Alan Hastings concluded “We fear that the powers that be have laid the ground work to sacrifice Britain’s fishermen and coastal communities to continued demise trapped in the CFP where we will be another British industry consigned to museum and memory”.

Security – partnership but not participation

Mrs May’s speech on security cooperation last Saturday was given in Munich, famous for the meeting between Neville Chamberlain and Adolf Hitler in 1938 where an agreement was signed which Mr Chamberlain, on his return to the UK, would lead to “peace in our time”.

His hopes were sadly shaken a year later. Mrs May did not come away with any agreement, She was not expecting to. Instead, she went to Munich to deliver a speech which, like that by Boris Johnson, the Foreign Secretary, earlier in the week, was good on mood music and aspiration but not at all satisfactory when it comes to detail.

Michel Barnier had stated that upon Brexit, we will no longer be part of Europol or the European Defence Agency. He did not mention the European Arrest Warrant, but it is not unreasonable to assume that we would be excluded from this too. At this point, virtually everyone who voted for Brexit should have been giving three loud cheers. Mrs May, in her speech, however, seemed to be saying what a disaster this would be. “Let’s be clear about what would happen if the means of this cooperation were abolished. Extradition under the European Arrest Warrant would cease. Extradition outside the European Arrest Warrant can cost four times as much and take three times as long. It would mean an end to the significant exchange of data and engagement through Europol.”

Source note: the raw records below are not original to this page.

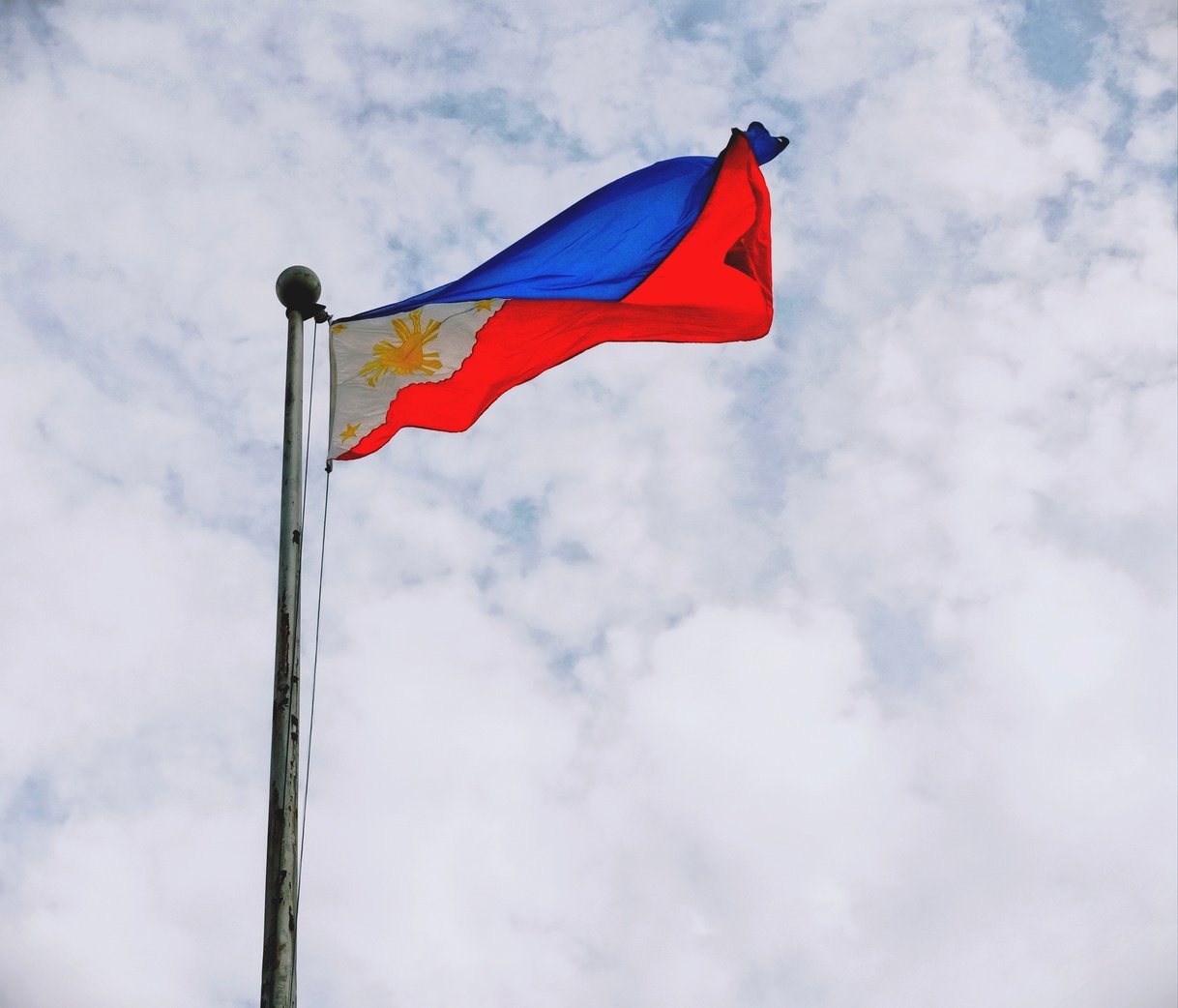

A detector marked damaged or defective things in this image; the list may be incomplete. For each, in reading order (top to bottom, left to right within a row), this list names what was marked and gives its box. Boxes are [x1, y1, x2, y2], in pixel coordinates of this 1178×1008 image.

rust on pole [263, 266, 322, 1008]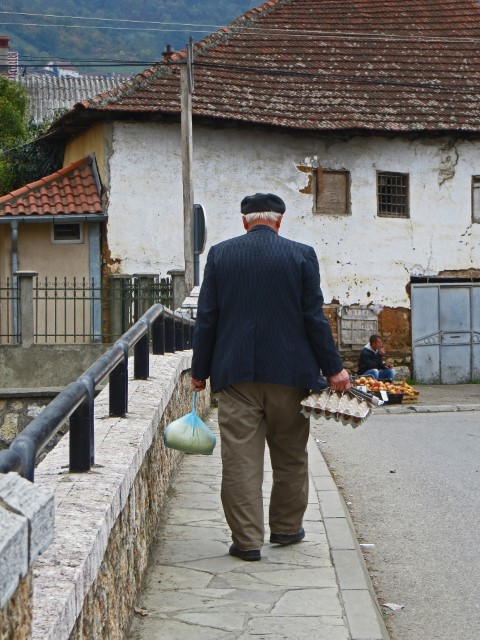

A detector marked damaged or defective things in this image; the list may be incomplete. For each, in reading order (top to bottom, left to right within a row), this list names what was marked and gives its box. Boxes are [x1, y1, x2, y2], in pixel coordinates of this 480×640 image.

cracked plaster wall [106, 124, 480, 308]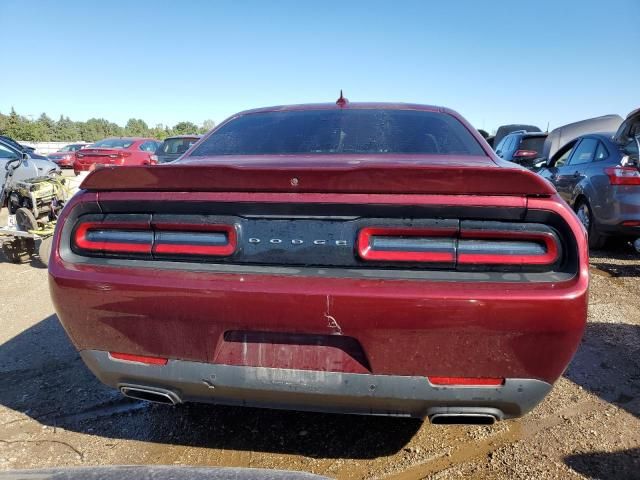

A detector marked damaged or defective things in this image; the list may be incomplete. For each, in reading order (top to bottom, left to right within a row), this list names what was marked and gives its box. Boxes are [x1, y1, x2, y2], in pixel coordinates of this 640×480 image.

damaged vehicle [48, 100, 592, 424]
damaged vehicle [536, 109, 636, 249]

Fine, for as far as the EAW is concerned, as we have pointed out many times on this website, its convenience is outweighed by its serious flaws – flaws which have caused great grief to a number of UK citizens,  For example, Edmond Arapi was subject to an Italian EAW in 2004, being convicted in absentia of a murder in Genoa, even though he had never visited Genoa in his life and was working in a café in Staffordshire on the day of the murder. Andrew Symeou, a UK citizen, was extradited to Greece, denied bail and incarcerated for 11 months on charges of “fatal bodily harm” thanks to the signature of a Greek magistrate that no UK judge could overturn despite the evidence against him being obtained under duress. Mr Symeou published an account of his ordeal in a book called Extradited. He pointed out that unless, like him, you suffer from a miscarriage of justice, you are unlikely to appreciate just how flawed the EAW is.

Then, although we may be ejected from Europol, we would still be members of Interpol. If the EU is keen to cooperate with us on matters relating to criminal justice, which it would be foolish not to do, there are other models available which would enable us to maintain our independence.

Mrs May was right to highlight the need for close security cooperation between the UK and the EU after Brexit but we should be seeking to distance ourselves from the EU’s confrontational stance towards Russia. As Peter Hitchens put is, “Russia is no more of a threat to the UK than the Klingons”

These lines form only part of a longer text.